At the hospital, the FBI confiscated Reagan’s authentication card for launching nuclear weapons, saying that all of Reagan’s effects were needed as evidence. Because no guidelines had been worked out for a situation where a president undergoes emergency surgery, it was not clear who could launch a nuclear strike.
The Twenty-fifth Amendment to the Constitution allows the vice president to act for the president only if the president has declared in writing to the Senate and the House that he is disabled and cannot discharge his duties. If the vice president and a majority of the Cabinet agree that the president is unable to discharge his duties, they may make the vice president the acting president. But that would require time.

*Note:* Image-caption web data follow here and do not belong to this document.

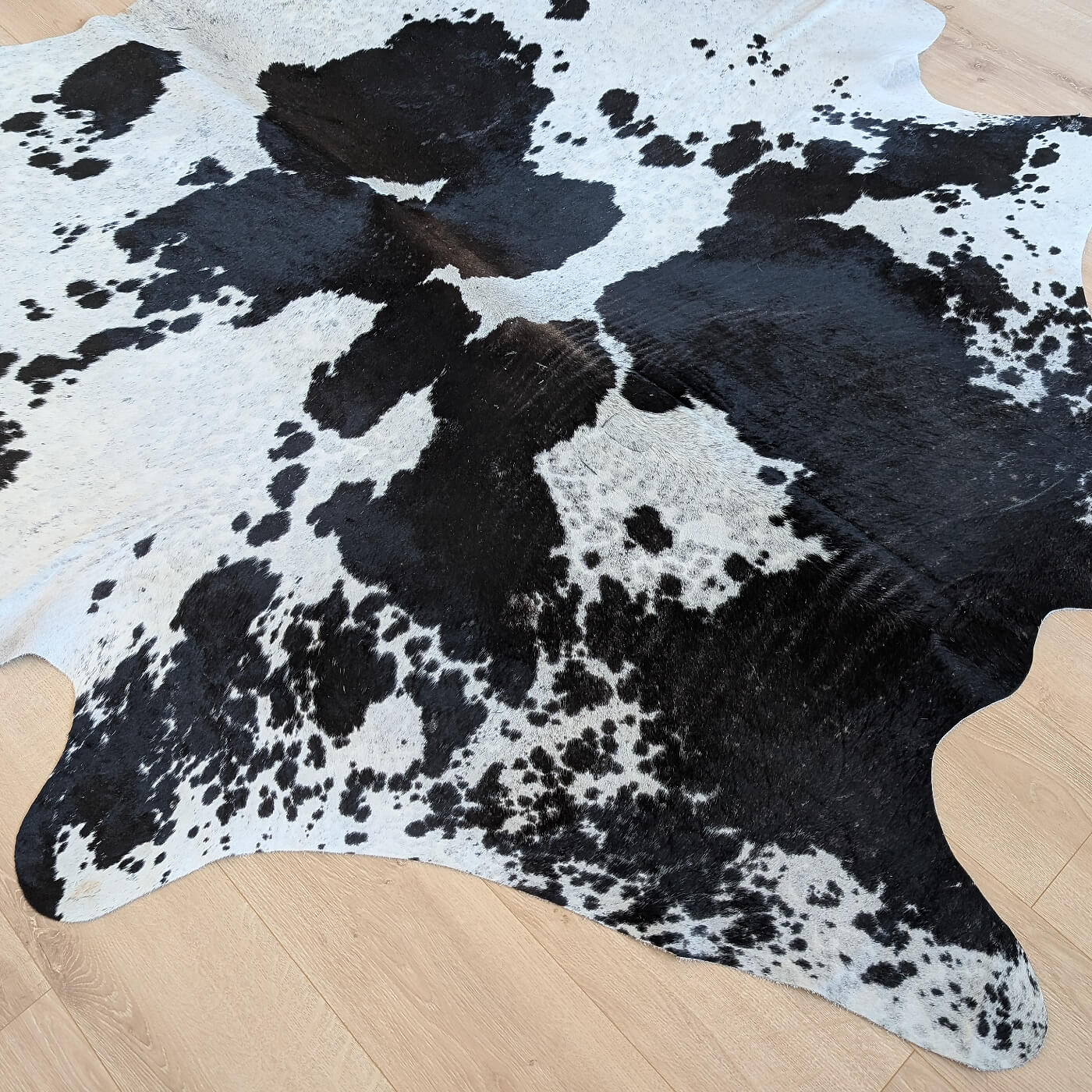 covor din piele de vaca negru cu alb mbch527 cu fir scurt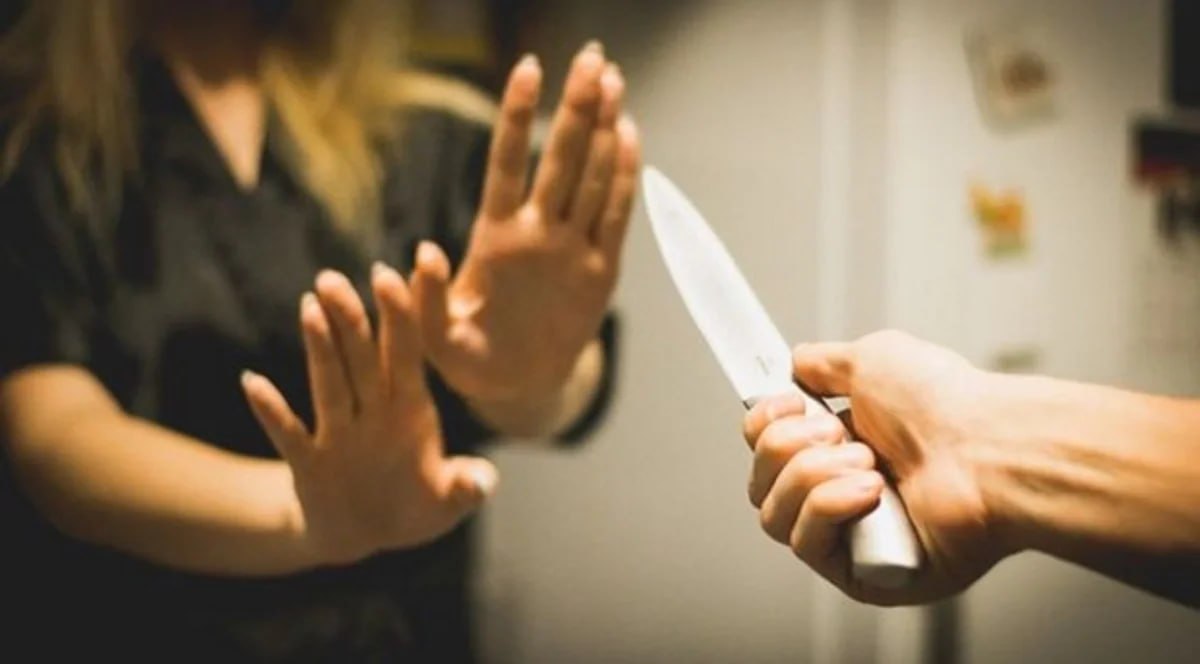 Dostuna mesaj yazan anasını ölümcül bıçaqladı - Samuxdakı dəhşətli cinayətin TƏFƏRRÜATI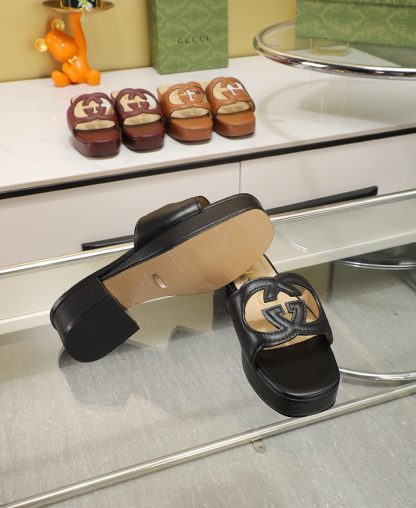 Gucci platform slippers - Image 10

Vice President George H. W. Bush could have taken it upon himself to launch a strike by communicating with the defense secretary over a secure line. But it was questionable whether he had the legal authority to do so. When Bush became president, his administration drafted a highly detailed, classified plan for immediate transfer of power in the case of serious presidential illness.
Before he shot Reagan, Hinckley had been obsessed with movie star Jodie Foster after seeing her in Taxi Driver. In the 1976 film, a disturbed man plots to assassinate a presidential candidate. The main character, played by Robert DeNiro, was based on Arthur Bremer, who shot Governor George Wallace. After viewing the movie many times, Hinckley began stalking Foster. Just before his attack on Reagan, he wrote to her, “You’ll be proud of me, Jodie. Millions of Americans will love me—us.”